Carbon sequestration and nutrient dynamics in a long-term lantana amended soil under rice wheat system

Abstract

A long-term field experiment was started during Kharif 1988 with four levels of lantana addition (0, 10, 20 and 30 t ha-1) on fresh weight basis and three fertilizer levels (33, 66 and 100 per cent of recommended N and K to rice and 66 per cent of N, P and K to wheat). The application of P to rice was totally omitted. Chopped lantana was added 10 to 15 days before transplanting of rice every year. The experiment was conducted in randomized block design with twelve treatments replicated three times. The present study Carbon sequestration and nutrient dynamics in a long-term lantana amended soil under rice-wheat system , was undertaken from Kharif 2004 to Rabi 2005-06. The soils of the experimental site were acidic and classified taxonomically as Typic Hapuldalf . Soil samples from 0-0.15 and 0.15-0.30 m soil depths were taken after the harvest of Rabi wheat 2004-05 and were analyzed for different active, slow and passive pools of SOM, active and passive pools of N, P and S besides this, different physical, chemical and biological properties of the soils. Out of the total organic matter added through lantana addition from 10 to 30 t ha-1 over the last 17 years, the average sequestration in the soil was only about 19 per cent out of which about 60 per cent was retained in passive pools and only 11 per cent in active pools.
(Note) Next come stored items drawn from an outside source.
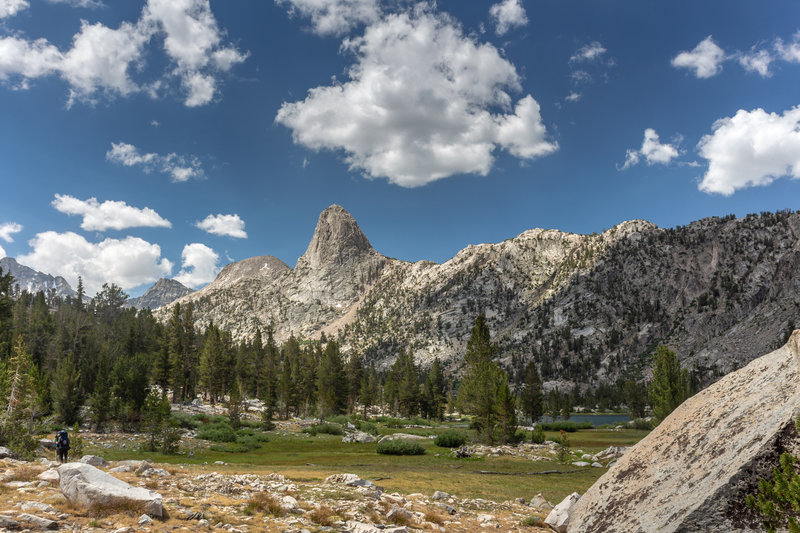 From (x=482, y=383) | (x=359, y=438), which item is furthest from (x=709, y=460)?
(x=359, y=438)

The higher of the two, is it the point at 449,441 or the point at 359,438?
the point at 449,441

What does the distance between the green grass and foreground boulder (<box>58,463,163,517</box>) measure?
1307 cm

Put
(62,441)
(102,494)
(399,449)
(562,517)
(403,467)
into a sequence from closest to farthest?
(102,494) → (562,517) → (62,441) → (403,467) → (399,449)

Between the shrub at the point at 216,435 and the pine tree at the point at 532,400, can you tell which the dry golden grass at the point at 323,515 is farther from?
the pine tree at the point at 532,400

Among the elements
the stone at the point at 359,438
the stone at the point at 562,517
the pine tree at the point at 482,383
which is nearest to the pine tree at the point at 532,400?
the pine tree at the point at 482,383

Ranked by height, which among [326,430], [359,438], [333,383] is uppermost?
[333,383]

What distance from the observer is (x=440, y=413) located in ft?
Result: 388

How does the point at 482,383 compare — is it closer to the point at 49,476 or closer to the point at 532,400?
the point at 49,476

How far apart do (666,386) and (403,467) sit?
40716 mm

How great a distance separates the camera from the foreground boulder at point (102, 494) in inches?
415

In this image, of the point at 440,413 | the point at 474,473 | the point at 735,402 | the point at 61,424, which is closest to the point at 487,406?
the point at 474,473

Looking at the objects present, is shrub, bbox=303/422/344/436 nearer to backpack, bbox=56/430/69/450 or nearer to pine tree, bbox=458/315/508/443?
pine tree, bbox=458/315/508/443

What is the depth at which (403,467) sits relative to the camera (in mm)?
35719

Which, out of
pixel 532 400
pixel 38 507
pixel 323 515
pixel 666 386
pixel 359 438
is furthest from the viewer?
pixel 532 400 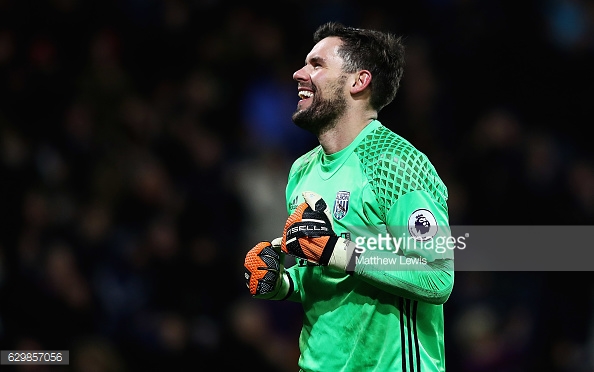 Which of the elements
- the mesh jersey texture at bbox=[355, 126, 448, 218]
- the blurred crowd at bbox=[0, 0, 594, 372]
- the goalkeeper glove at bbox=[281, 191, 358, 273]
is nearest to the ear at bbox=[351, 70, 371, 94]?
the mesh jersey texture at bbox=[355, 126, 448, 218]

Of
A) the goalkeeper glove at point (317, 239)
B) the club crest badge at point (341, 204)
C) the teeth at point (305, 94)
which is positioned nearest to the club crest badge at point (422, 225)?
the goalkeeper glove at point (317, 239)

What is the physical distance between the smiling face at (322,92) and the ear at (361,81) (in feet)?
0.15

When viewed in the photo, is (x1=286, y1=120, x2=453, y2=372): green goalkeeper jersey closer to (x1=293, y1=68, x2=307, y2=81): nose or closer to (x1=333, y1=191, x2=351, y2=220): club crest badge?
(x1=333, y1=191, x2=351, y2=220): club crest badge

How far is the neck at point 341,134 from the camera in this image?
13.3 ft

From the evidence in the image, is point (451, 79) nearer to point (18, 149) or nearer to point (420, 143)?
point (420, 143)

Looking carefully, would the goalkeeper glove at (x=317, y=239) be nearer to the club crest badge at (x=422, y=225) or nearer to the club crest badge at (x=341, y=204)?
the club crest badge at (x=341, y=204)

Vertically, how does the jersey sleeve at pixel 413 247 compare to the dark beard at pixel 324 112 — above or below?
below

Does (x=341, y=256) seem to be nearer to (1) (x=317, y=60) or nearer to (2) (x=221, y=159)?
(1) (x=317, y=60)

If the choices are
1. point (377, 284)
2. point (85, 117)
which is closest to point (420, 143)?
point (85, 117)

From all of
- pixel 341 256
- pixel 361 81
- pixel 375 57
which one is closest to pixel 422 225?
pixel 341 256

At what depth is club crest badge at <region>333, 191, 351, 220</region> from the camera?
3783 millimetres

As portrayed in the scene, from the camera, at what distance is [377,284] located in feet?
11.5

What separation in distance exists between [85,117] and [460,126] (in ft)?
11.2

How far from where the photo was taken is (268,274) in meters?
3.99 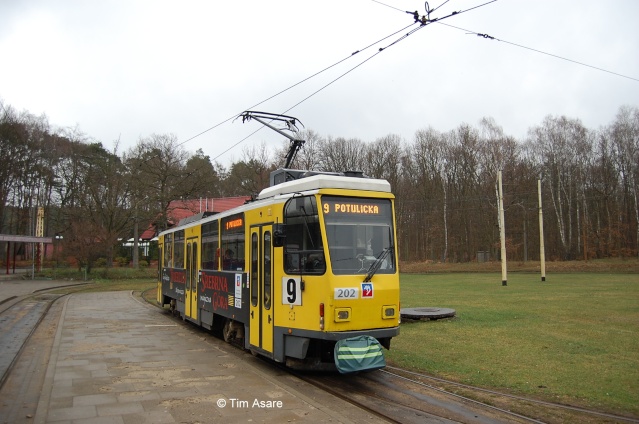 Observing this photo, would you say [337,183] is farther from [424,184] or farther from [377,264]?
[424,184]

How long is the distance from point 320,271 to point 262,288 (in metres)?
1.85

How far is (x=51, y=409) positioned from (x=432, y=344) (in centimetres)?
794

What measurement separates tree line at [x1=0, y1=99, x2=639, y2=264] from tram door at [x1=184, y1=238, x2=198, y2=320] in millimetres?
30571

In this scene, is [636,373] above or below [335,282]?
below

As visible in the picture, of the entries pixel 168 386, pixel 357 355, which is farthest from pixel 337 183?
pixel 168 386

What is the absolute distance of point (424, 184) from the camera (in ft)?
195

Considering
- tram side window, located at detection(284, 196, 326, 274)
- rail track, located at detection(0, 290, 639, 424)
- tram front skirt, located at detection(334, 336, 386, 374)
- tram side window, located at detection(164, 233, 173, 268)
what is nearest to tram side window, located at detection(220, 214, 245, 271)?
tram side window, located at detection(284, 196, 326, 274)

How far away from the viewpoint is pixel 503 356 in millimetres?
10102

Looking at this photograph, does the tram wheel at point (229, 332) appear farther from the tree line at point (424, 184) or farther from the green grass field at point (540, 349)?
the tree line at point (424, 184)

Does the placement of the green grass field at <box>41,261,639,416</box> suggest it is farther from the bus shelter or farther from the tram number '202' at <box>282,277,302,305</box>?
the bus shelter

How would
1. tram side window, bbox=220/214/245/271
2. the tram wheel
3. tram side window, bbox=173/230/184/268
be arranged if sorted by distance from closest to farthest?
tram side window, bbox=220/214/245/271
the tram wheel
tram side window, bbox=173/230/184/268

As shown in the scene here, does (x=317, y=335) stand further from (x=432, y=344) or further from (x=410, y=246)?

Continuous lantana addition and fertilizer application has also increased total C stock, C stock ha-1 yr-1 and retention of all active and passive pools of C in the soil. With increasing/improvement in all the pools of N, P and S as well as physical, chemical and biological properties of soil with increasing levels of lantana addition and fertilizer application, the maximum rice and wheat yield as well as uptake of N, P and S was obtained under 20 t ha-1 lantana addition alongwith 66 per cent of N and K addition to rice indicating a saving of 33 per cent N and K to rice and N, P, K to wheat grown in a sequence. Among different SOM pools, WS-CHO and SMB-C and among N, P and S pools, SMB-P, Available-N and WS-OC were found to be the most important for rice and wheat production. The Roth-C-26.3 model could be used to predict the soil carbon dynamics as it fitted well with the observed data in the present experiment.